(Beginning of Dataset extract)

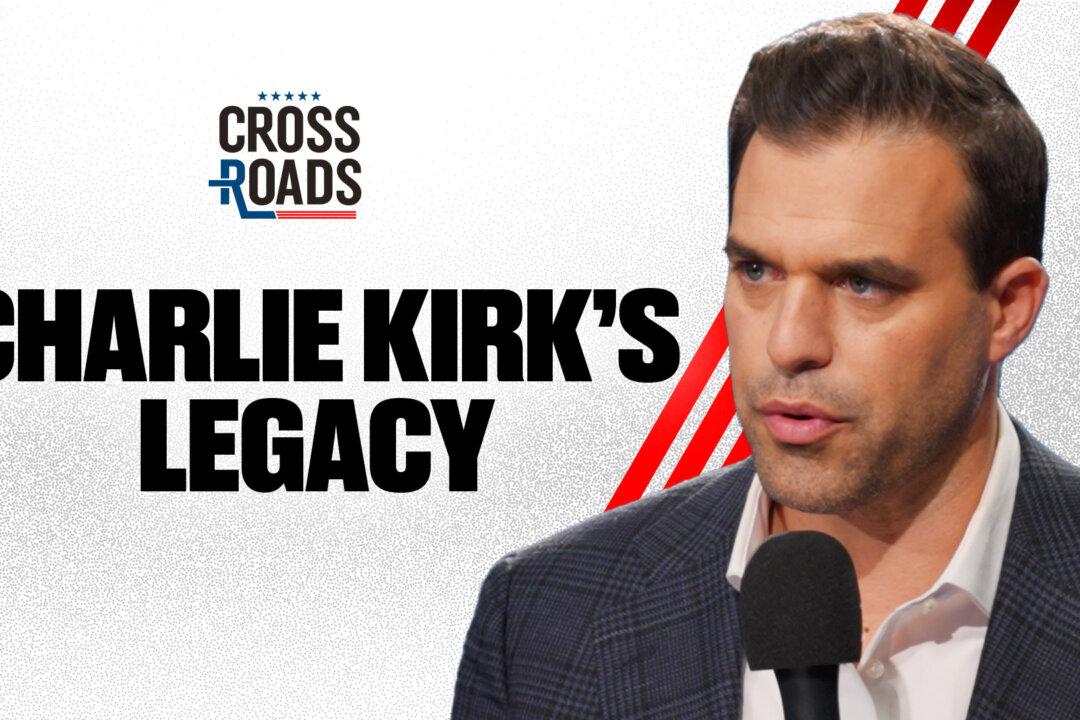 The Future of Turning Point: Andrew Kolvet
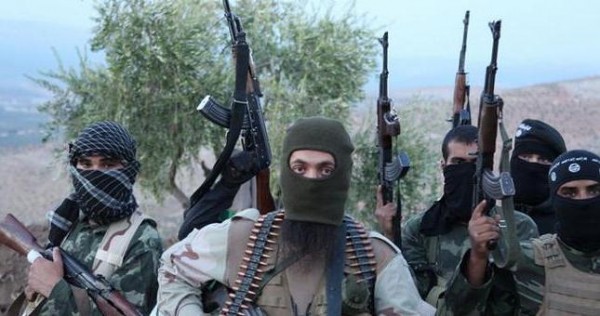 Эксперт: В рядах ИГ сражаются до 4000 исламистов из стран Центральной Азии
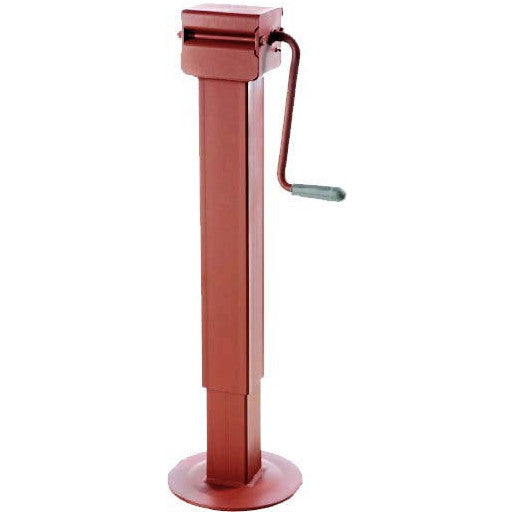 2 Speed Parking Jacks with Side Winding Handle - Square Profile - AMAIreland - 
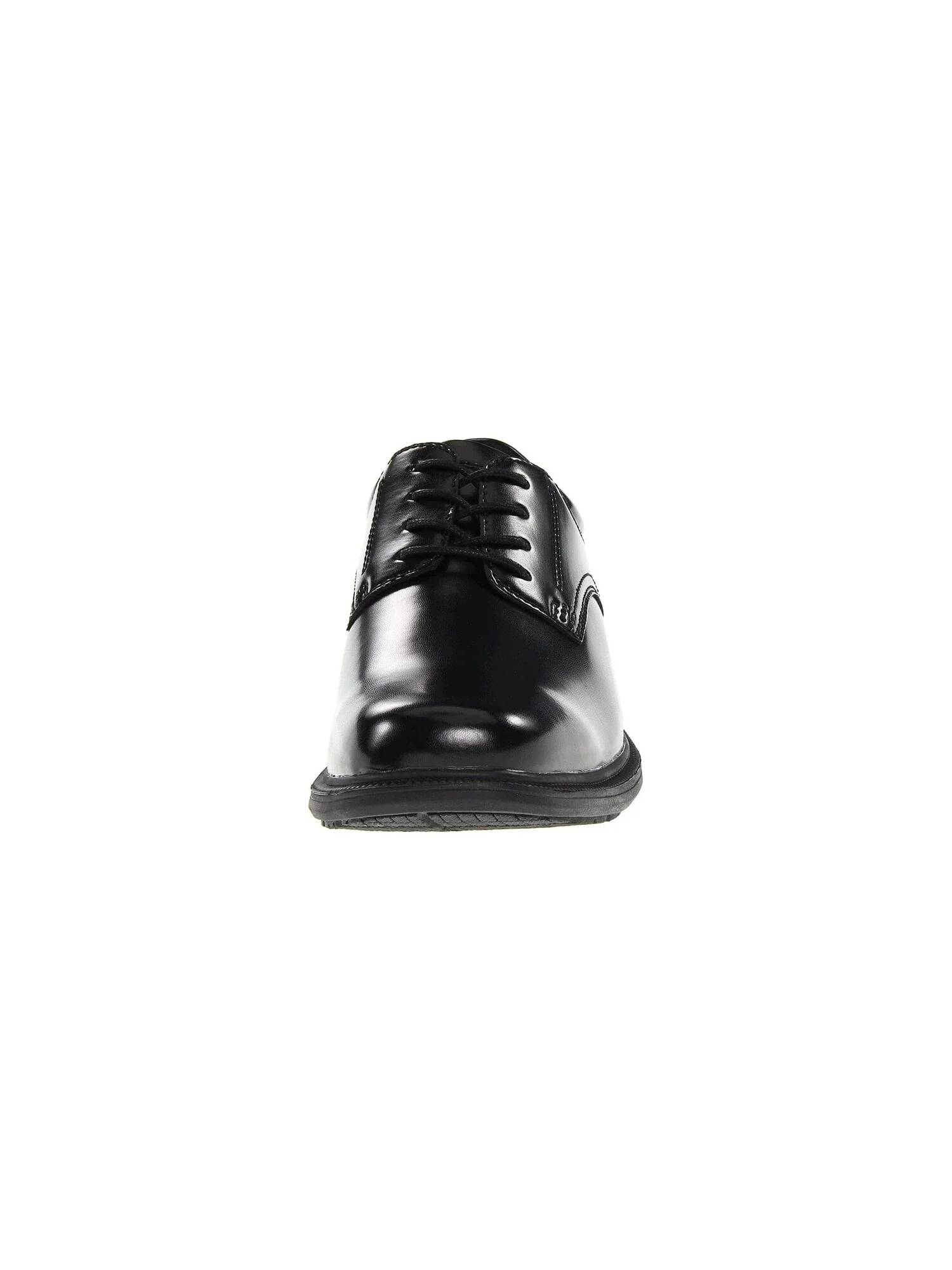 Оксфорды Baker Street Plain Toe Oxford with KORE Slip Resistant Walking Comfort Technology Nunn Bush — 9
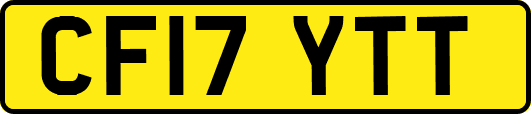 CF17YTT
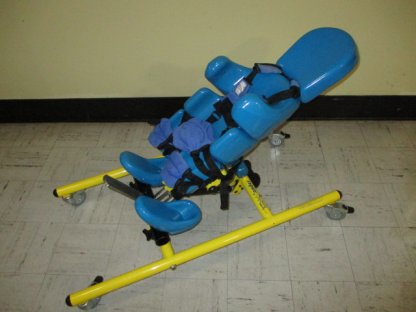 Stander Pediatric size 1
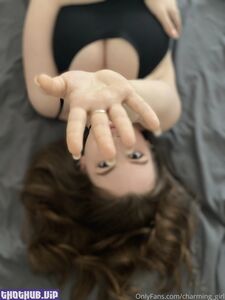 Charming Girl onlyfans leaks nude photos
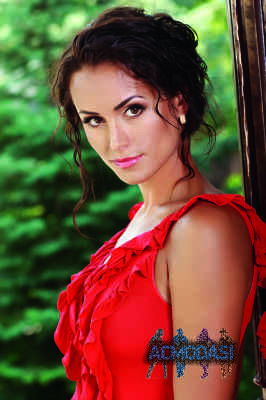 Светлана   фото №360435. Завантажено 07 Березня 2013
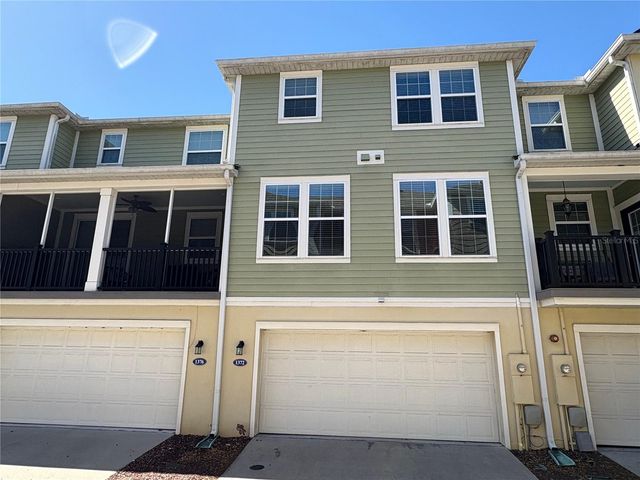 1372 MILL STREAM LANE, Winter Springs, FL 32708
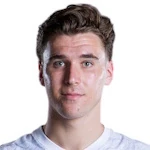 Tyler Bindon
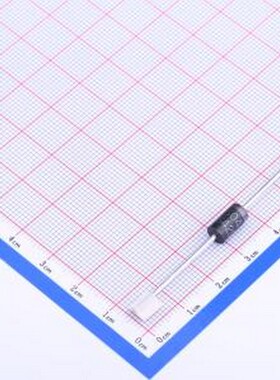 ER504_AY_10001 快恢复/高效率二极管 ER504_AY_10001 DO-201AD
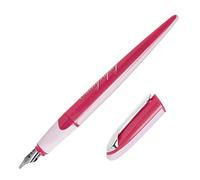 Online Stylo plume Air Rose, plume calligraphie 1,8 mm, pour cartouches d'encre standard ou convertisseur 10003/3D
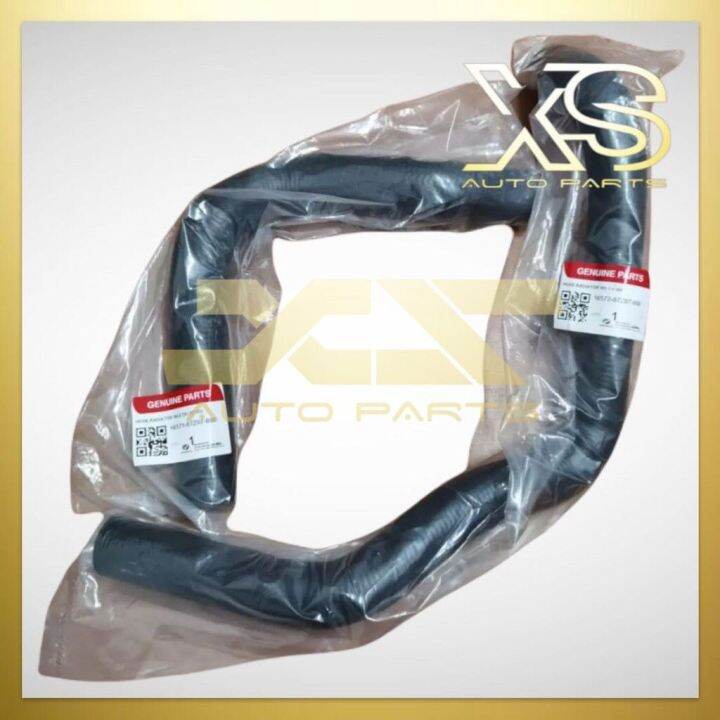 Perodua Radiator Hose Kancil Carburetor Top Bottom Lazada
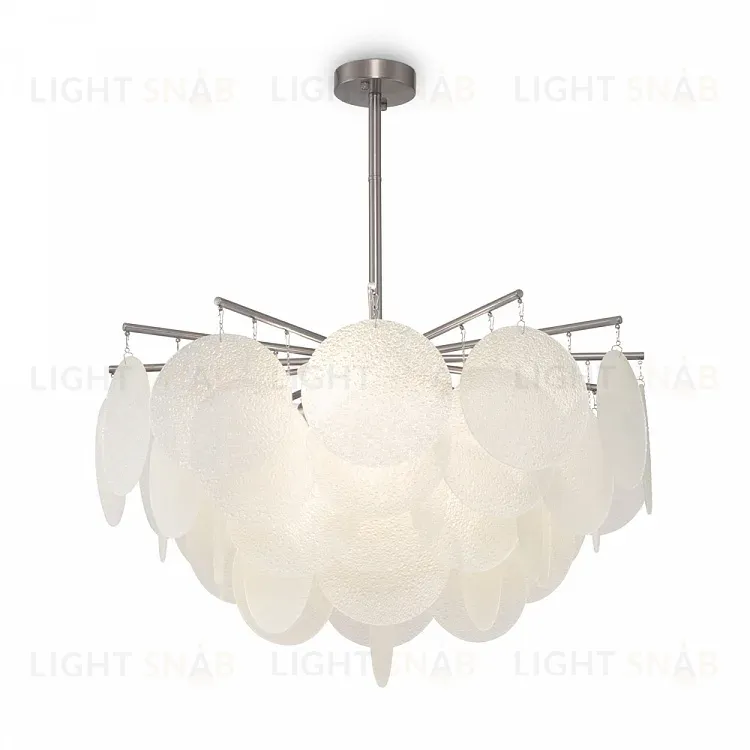 Люстра на штанге Freya Porto FR5104PL-06N FR5104PL-06N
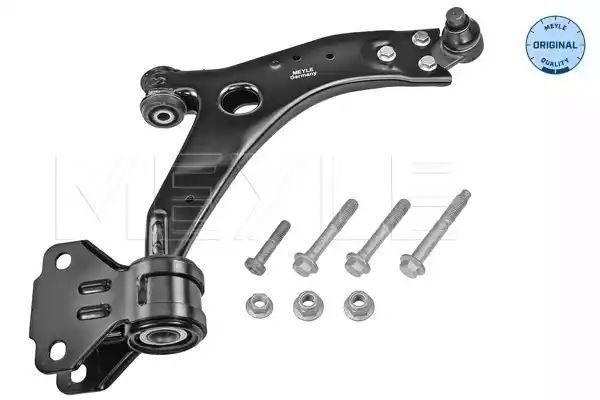 WAHACZ PRZÓD FORD FOCUS 11- PR + ŚRUBY MEYLE 7160500016/S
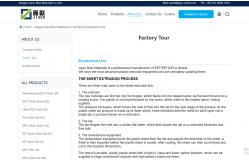 China Clear PETG Sheet manufacturer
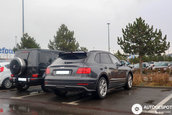Ce masini tari au mai aparut pe strazile din Romania? Poze noi din trafic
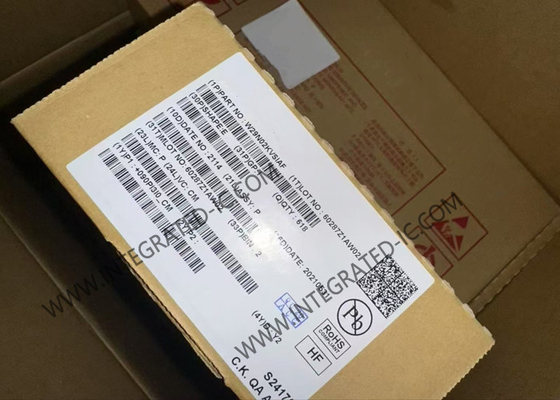 Memori IC Chip W29N02KVSIAF 2Gbit Parallel NAND Flash Memory IC TSOP48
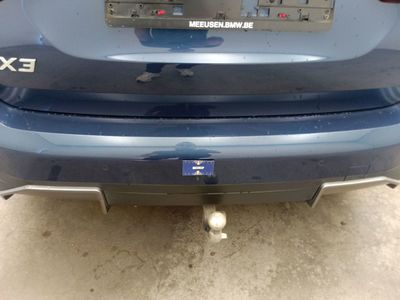 BMW Ix3 IX3 74 KWH IX3, 2021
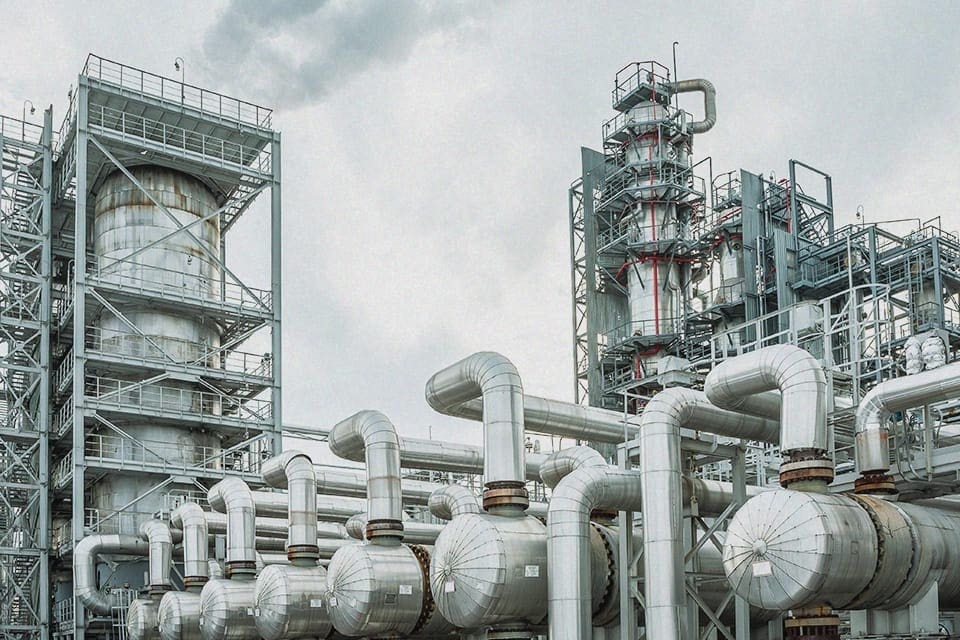 Why Choose Our Advanced Practical Process Control Training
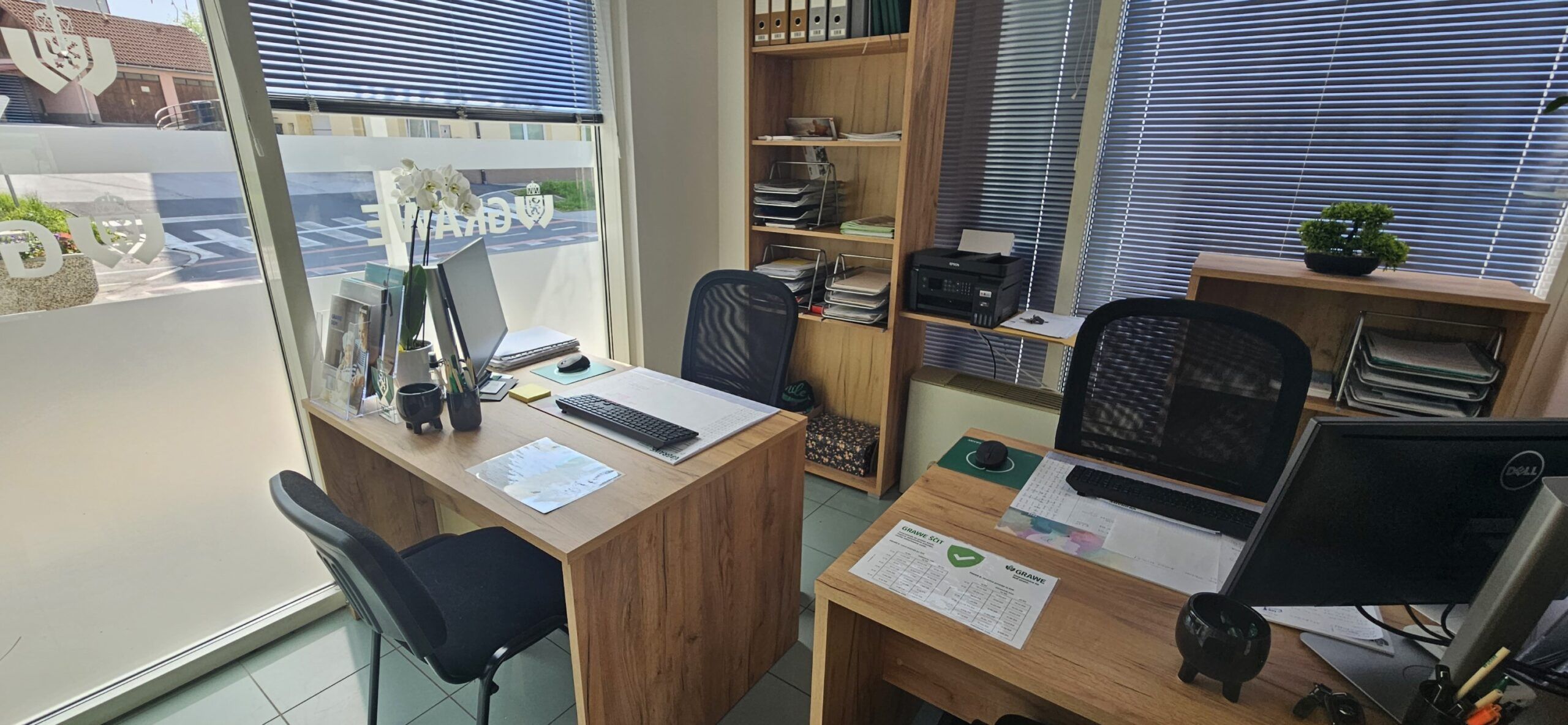 Pisarna Katja Primožič Maistrova ulica 2, 2212 Šentilj (2)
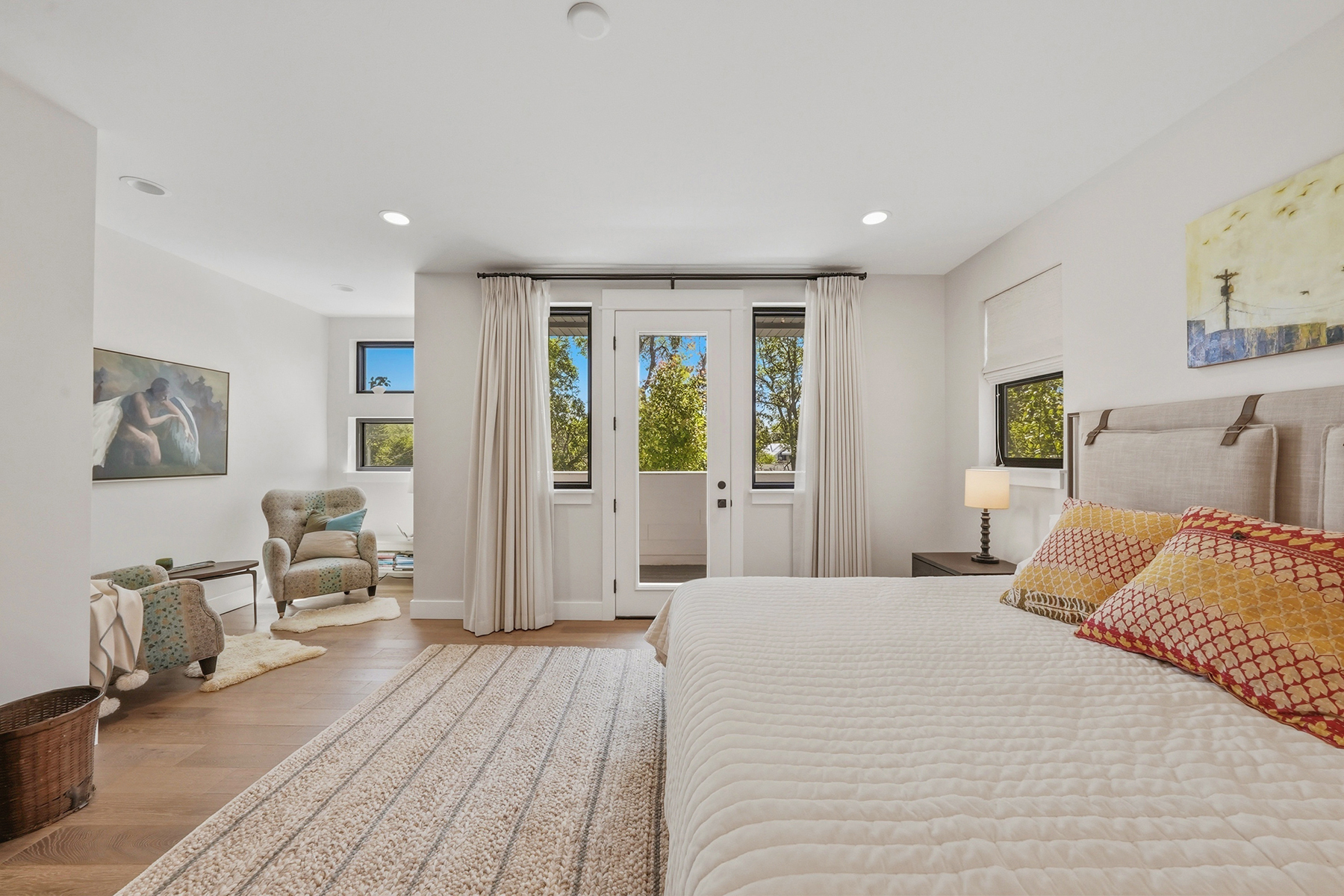  463 N Willson Avenue - 物件實景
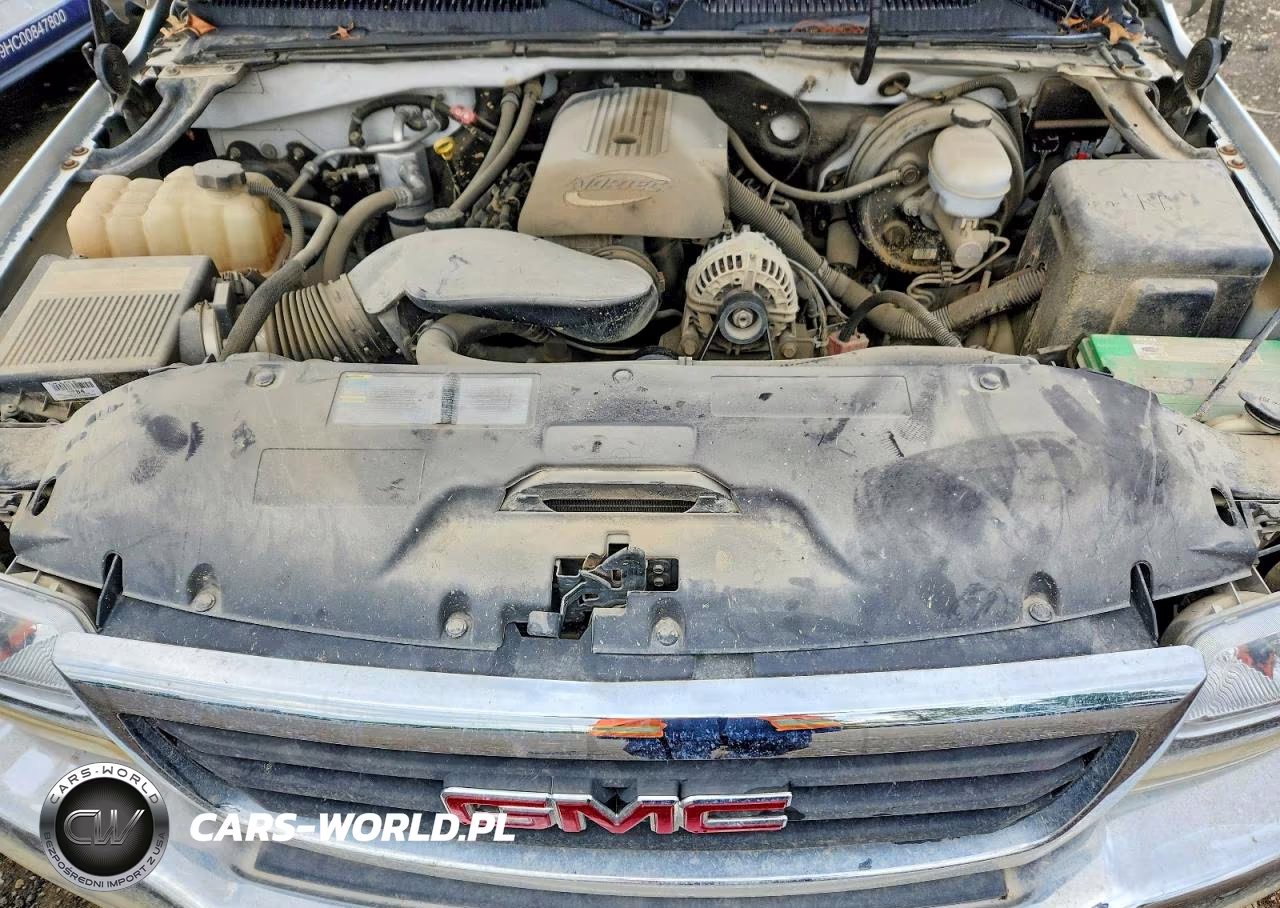 2006 GMC New Sierra K1500 VIN:3GTEK14V96G199100 - 11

(End of Dataset extract)

Repeat each line above exactly. The pictures stay out.

 The Future of Turning Point: Andrew Kolvet
 Эксперт: В рядах ИГ сражаются до 4000 исламистов из стран Центральной Азии
 2 Speed Parking Jacks with Side Winding Handle - Square Profile - AMAIreland - 
 Оксфорды Baker Street Plain Toe Oxford with KORE Slip Resistant Walking Comfort Technology Nunn Bush — 9
 CF17YTT
 Stander Pediatric size 1
 Charming Girl onlyfans leaks nude photos
 Светлана   фото №360435. Завантажено 07 Березня 2013
 1372 MILL STREAM LANE, Winter Springs, FL 32708
 Tyler Bindon
 ER504_AY_10001 快恢复/高效率二极管 ER504_AY_10001 DO-201AD
 Online Stylo plume Air Rose, plume calligraphie 1,8 mm, pour cartouches d'encre standard ou convertisseur 10003/3D
 Perodua Radiator Hose Kancil Carburetor Top Bottom Lazada
 Люстра на штанге Freya Porto FR5104PL-06N FR5104PL-06N
 WAHACZ PRZÓD FORD FOCUS 11- PR + ŚRUBY MEYLE 7160500016/S
 China Clear PETG Sheet manufacturer
Ce masini tari au mai aparut pe strazile din Romania? Poze noi din trafic
 Memori IC Chip W29N02KVSIAF 2Gbit Parallel NAND Flash Memory IC TSOP48
 BMW Ix3 IX3 74 KWH IX3, 2021
 Why Choose Our Advanced Practical Process Control Training
 Pisarna Katja Primožič Maistrova ulica 2, 2212 Šentilj (2)
  463 N Willson Avenue - 物件實景
 2006 GMC New Sierra K1500 VIN:3GTEK14V96G199100 - 11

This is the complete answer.